GIVEN RECORDS Block Start

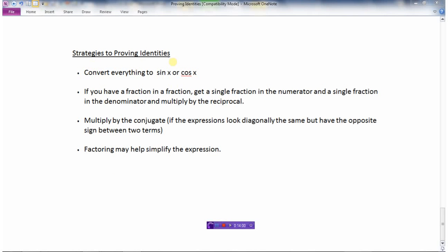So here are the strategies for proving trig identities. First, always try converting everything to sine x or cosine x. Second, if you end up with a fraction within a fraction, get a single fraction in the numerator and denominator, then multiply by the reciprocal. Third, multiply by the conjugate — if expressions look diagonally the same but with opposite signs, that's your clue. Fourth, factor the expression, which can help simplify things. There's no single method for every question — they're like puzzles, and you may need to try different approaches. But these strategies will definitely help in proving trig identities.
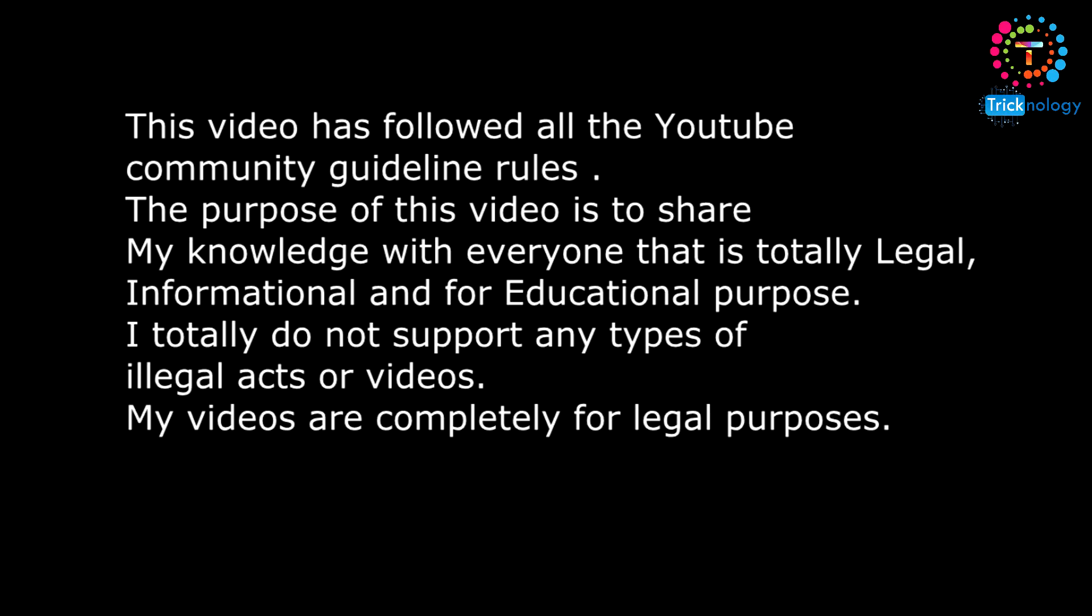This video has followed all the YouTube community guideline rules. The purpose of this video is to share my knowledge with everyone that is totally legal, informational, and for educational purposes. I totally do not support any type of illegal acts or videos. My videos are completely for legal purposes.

GIVEN RECORDS Block End
GIVEN RECORDS Block Start

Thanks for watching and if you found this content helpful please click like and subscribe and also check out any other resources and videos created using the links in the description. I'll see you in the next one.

GIVEN RECORDS Block End
GIVEN RECORDS Block Start

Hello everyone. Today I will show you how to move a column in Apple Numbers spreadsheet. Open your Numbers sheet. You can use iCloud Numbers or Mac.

GIVEN RECORDS Block End

■ **ASSIGNMENT**: A clean copy is needed of the lines in the listing above from the one with "So here are" through the one with "This video has", exact in every word and free of pictures.

■ **SOLUTION TO THIS TASK**:
So here are the strategies for proving trig identities. First, always try converting everything to sine x or cosine x. Second, if you end up with a fraction within a fraction, get a single fraction in the numerator and denominator, then multiply by the reciprocal. Third, multiply by the conjugate — if expressions look diagonally the same but with opposite signs, that's your clue. Fourth, factor the expression, which can help simplify things. There's no single method for every question — they're like puzzles, and you may need to try different approaches. But these strategies will definitely help in proving trig identities.
This video has followed all the YouTube community guideline rules. The purpose of this video is to share my knowledge with everyone that is totally legal, informational, and for educational purposes. I totally do not support any type of illegal acts or videos. My videos are completely for legal purposes.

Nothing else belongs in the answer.